Já o PLP prevê a transferência do crédito apurado nas etapas anteriores. Entre a divergência de critérios, pode-se dizer que o critério estabelecido pelo Convênio poderá afetar a base de apuração do ICMS.
Por outro lado, tanto o Convênio como o PLP não trataram das operações sujeitas à substituição tributária ou à antecipação nos Estados de destino, tampouco das transferências de ativos fixos. E o PLP ainda inova em metodologia para a definição do crédito estabelecendo que a base de cálculo será "o valor atribuído à operação de transferência", sem dispor quanto a limites. Como era de se esperar, ao regulamentar o tema, São Paulo também foi silente sobre esses procedimentos.

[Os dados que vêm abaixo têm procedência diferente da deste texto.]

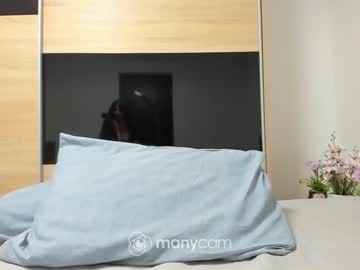 cam girl porn angell6969 image #5749321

Considerando as claras divergências entre os textos, com a sanção do PLP também se visualizam discussões quanto à validade dos benefícios fiscais na nova sistemática, especialmente no caso de crédito presumido de ICMS nas operações de saídas interestaduais (impactos decorrentes da LC/160).
Na ausência dessas definições claras, as Unidades Federadas (UF) já estão aproveitando para tratar da matéria, a exemplo do Estado de São Paulo, que publicou hoje (26.12.2023) o Decreto nº 68.243/2023 para dispor sobre o tema, com base no Convênio ICMS nº 178/2023.
Nesse sentido, o Estado de São Paulo definiu como obrigatória a transferência do crédito do ICMS nas remessas interestaduais entre estabelecimentos pertencentes ao mesmo titular, a observar as normas estipuladas pelo Convênio, o que significa que este crédito caberá à UF de destino e mediante a aplicação da alíquota interestadual (dentre as demais exigências).
Ademais, o Decreto estabeleceu como opcional a transferência do crédito nas remessas internas, desde que, na hipótese de o contribuinte optar pela transferência, deverá (i) abarcar todos os estabelecimentos do contribuinte localizados em SP; (ii) declarar em termo no Livro Registro de Utilização de Documentos Fiscais e Termos de Ocorrência (RUDFTO) com efeito pelo período de 12 meses, contados do primeiro dia do mês subsequente ao da lavratura do termo.
O Decreto nº 68.243/2023 terá vigência a partir de 01.01.2024, e aguarda-se igual movimento por parte das demais Unidades Federadas. Até lá, não se pode negar o cenário de indefinição jurídica sobre o tema. Por isso, continuaremos acompanhando e à disposição para o esclarecimento de eventuais dúvidas.